Algeria
History
Algeria became a French colony in 1830. Three coastal provinces (Algiers, Constantine, Oran) became Départements in 1848. The rest of the country was conquered over the following decades. When German forces overran France in 1940, the armistice signed on 22 June left the new French government in Vichy in charge of its North African territories and the French military stationed there. On 7/8 November 1942, sections of the Algerian coast became landing sites for “Operation Torch”, the allied invasion of North Africa. Vichy troops resisted for a few days, inflicting heavy casualties in some places. With Algeria under allied control, a French Committee of National Liberation was formed in Algiers on 3 June 1943 by Henri Giraud, the French High Commissioner in North Africa, and Charles de Gaulle, leader of the Free French. On 2 June 1944, the Committee became the Provisional Government of the French Republic, which retained its seat in Algiers until Paris was liberated two months later. Algeria has been an independent state since 1962.
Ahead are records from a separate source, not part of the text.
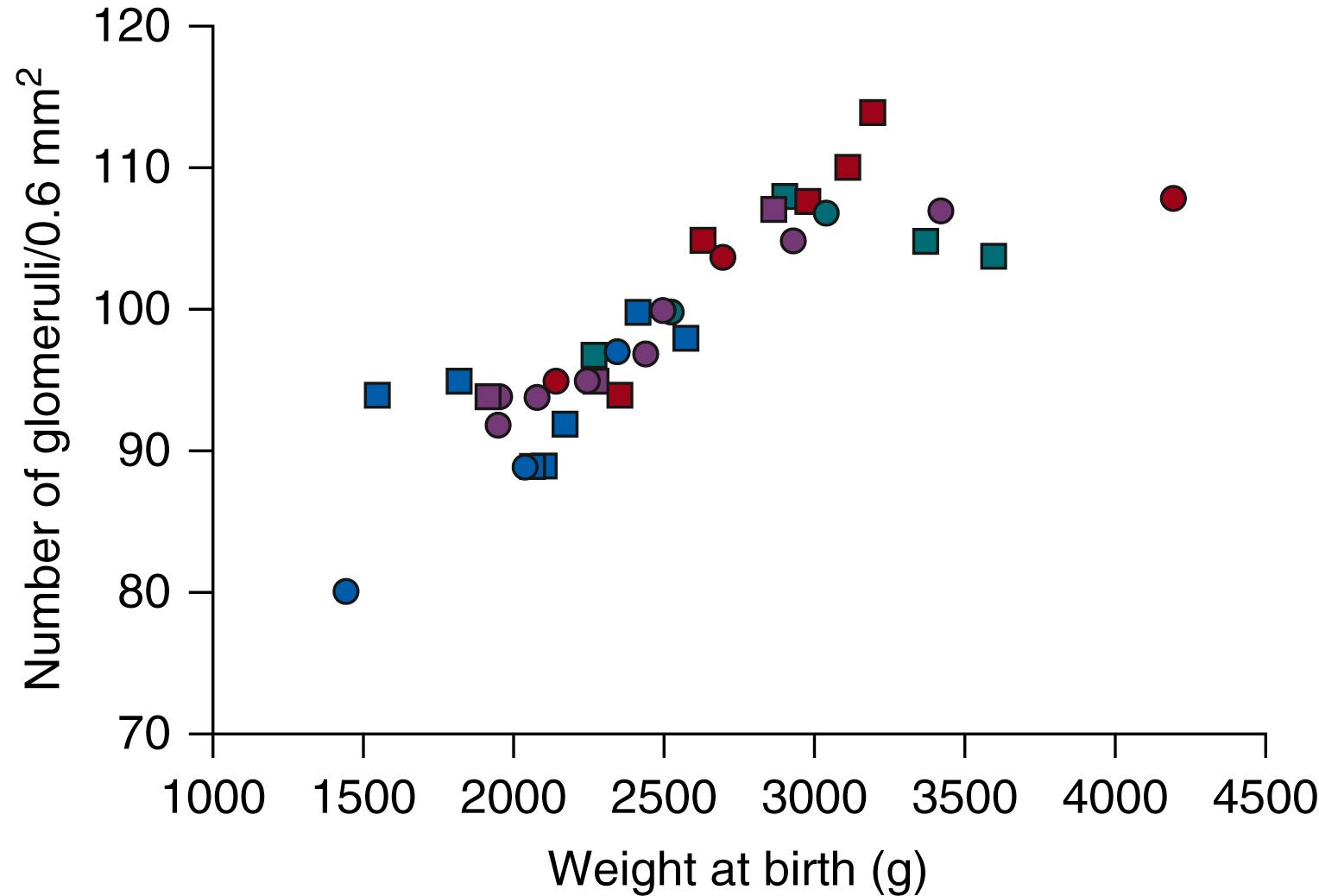 Fig. 94.4, Relationship between the number of glomeruli and birth weight. In humans, the number of glomeruli increases progressively until the birth weight reaches 3 kg; thereafter, it remains constant. Circles represent females, squares represent males.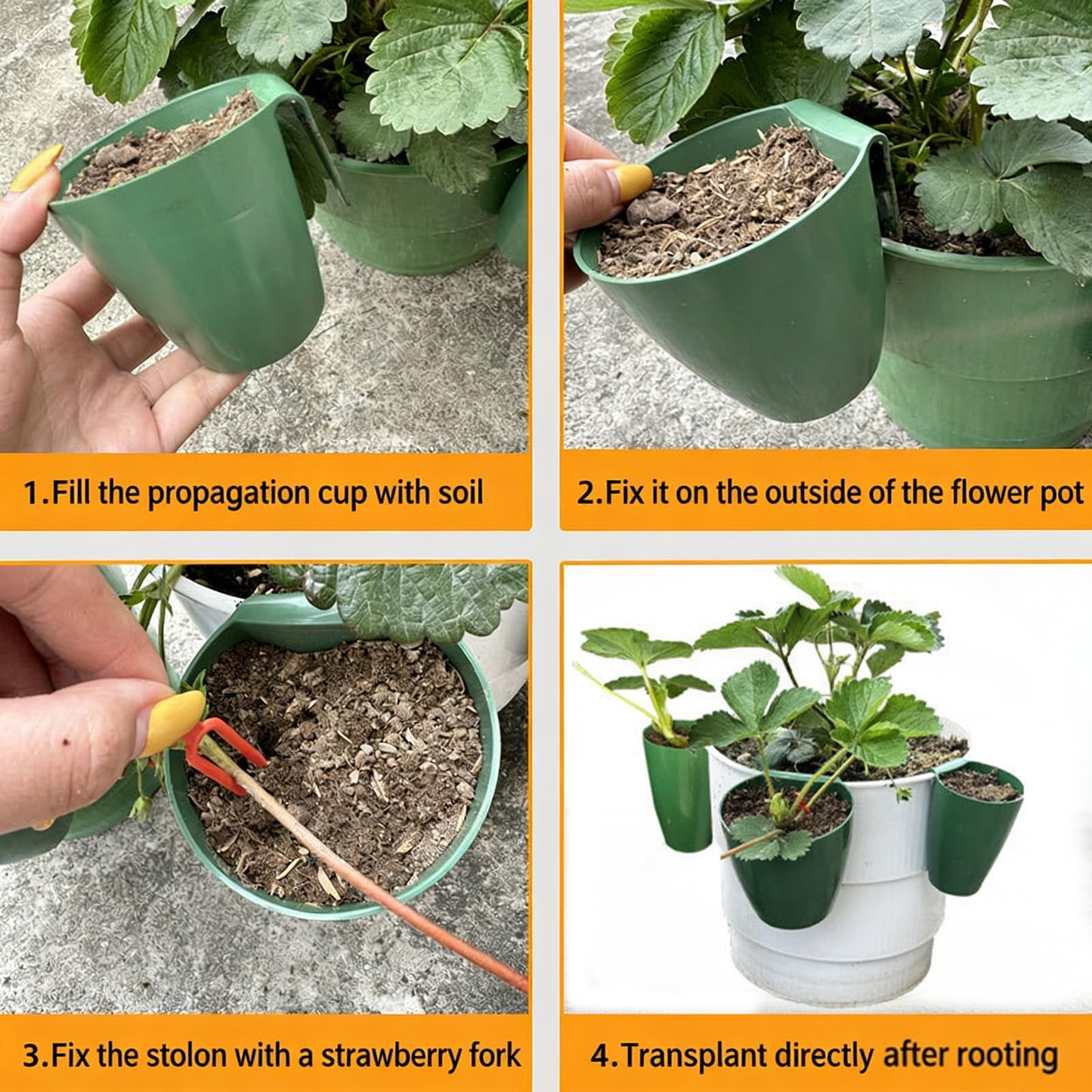 ordinarYone Breathable Strawberry Propagation Cups with Runner Forks for Root Rot and Promoting Growth in High Hu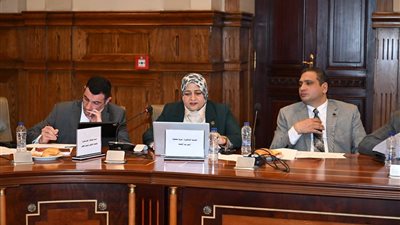 النائبة مروة قنصوه تطالب بإطلاق منصة قومية موحدة للسجل الطبي الإلكتروني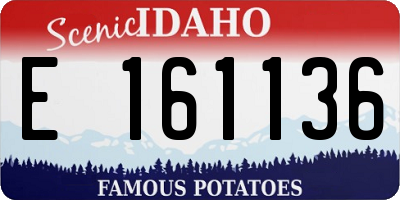 ID license plate E161136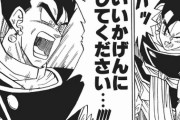 ドラゴンボールの悟飯の人生って悲惨すぎるよな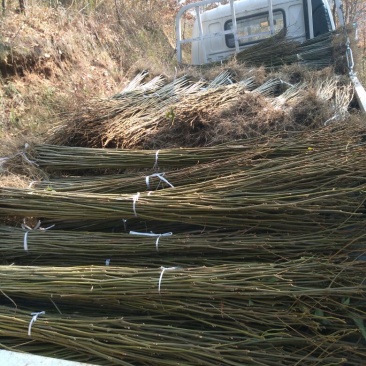 拐枣树苗30~50cm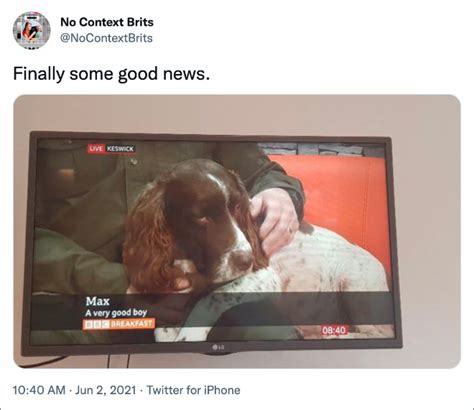 23 Hilarious British Photos Without Any Context - Barnorama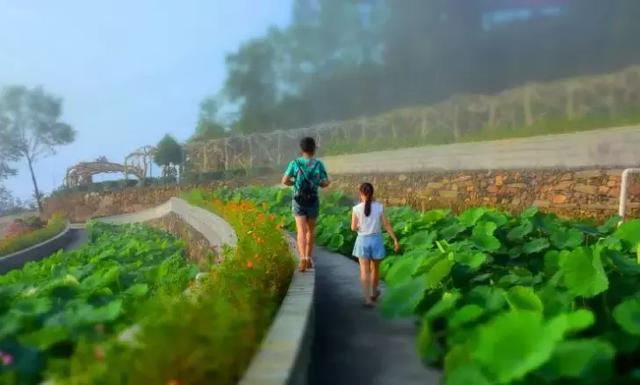 白河县地图 陕西省安康市白河县地图(图7) 白河县地图 陕西省安康市白河县地图(图7)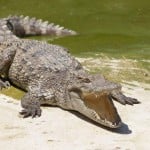 BaronCrocodile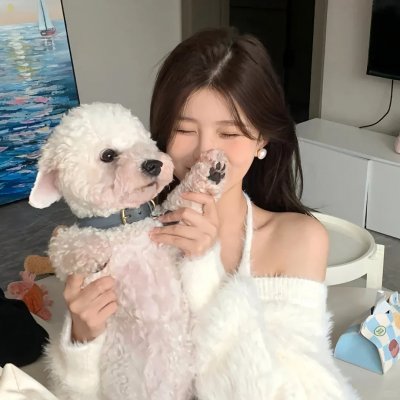 菊花香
By 1936, Algeria had a mostly Muslim population of 6,160,000 people. They were dominated by 946,000 French-European settlers. The strength of the Jewish community is difficult to determine: at the last separate count, in 1921, there were 73,946 “Israelites” (naturalised citizens since the Crémieux decree of 24 October 1870) among the municipal population of the coastal regions. On the eve of the Second World War, Algerian Jews made up for some 120,000 people (no more than 2 percent of the total population). While they had accepted French colonial rule more readily than the Muslim population and supplied various services to the administration, Algerian Jews saw their citizenship revoked by the Vichy Government’s Jewish Statute of 7 October 1940. Jewish teachers were removed from office, and a numerus clausus for lawyers and doctors was introduced. Without any prompting by the Germans, the Vichy military set up a forced labour camp at Bedeau village some 200 kilometres south of Oran. It held mainly Algerian Jewish soldiers of the French army, apparently in order to prevent them from joining the Free French. While conditions were harsh, no fatalities were recorded. Regardless of the Jews’ prominent role in the Algiers resistance, anti-Jewish legislation adopted by the Vichy government remained in place until March 1943. Citizenship for Jews was restored in October 1943.
Archival Situation
As Algeria was a French colony until 1962, the vast majority of the relevant archives for the war period are located in France. The most important institution is the Archives Nationales d’Outre-Mer (ANOM) in Aix-en-Provence. The National Archives of Algeria were only created in 1987. They are organized according to the administrative structures of the country: ministries, 48 provinces (wilayas) divided in 553 districts (daïras) and municipalities. There are possibly also some private archives, whose importance has not yet been assessed. The National Archives of Algeria do not currently have a private archives policy. Access to archival sources is further complicated by an ongoing dispute between Algeria and France over the ownership of the holdings concerning the colonial period.
EHRI Research (Summary)
As a general rule, access to North African archives depends on the political situation in the region as a whole. Furthermore, archival guides are not readily available. Based on expert information, EHRI was able to ascertain that scholars in Algeria have begun research on the history of the Jews in Algeria that is based on local sources and published in French.
While a number of archives and institutions in Algeria are likely to be relevant for Holocaust-research, the exact nature and importance of their holdings have yet to be determined by EHRI. Outside of Algeria, however, the Ben Zvi Institute (Yad Ben Zvi) in Israel holds sources relevant to Holocaust-research on all of North Africa, including Algeria. Other archival institutions that hold relevant sources are: Archives Nationales d'Outre-mer, Archives Nationales de France, United States Holocaust Memorial Museum, and Yad Vashem.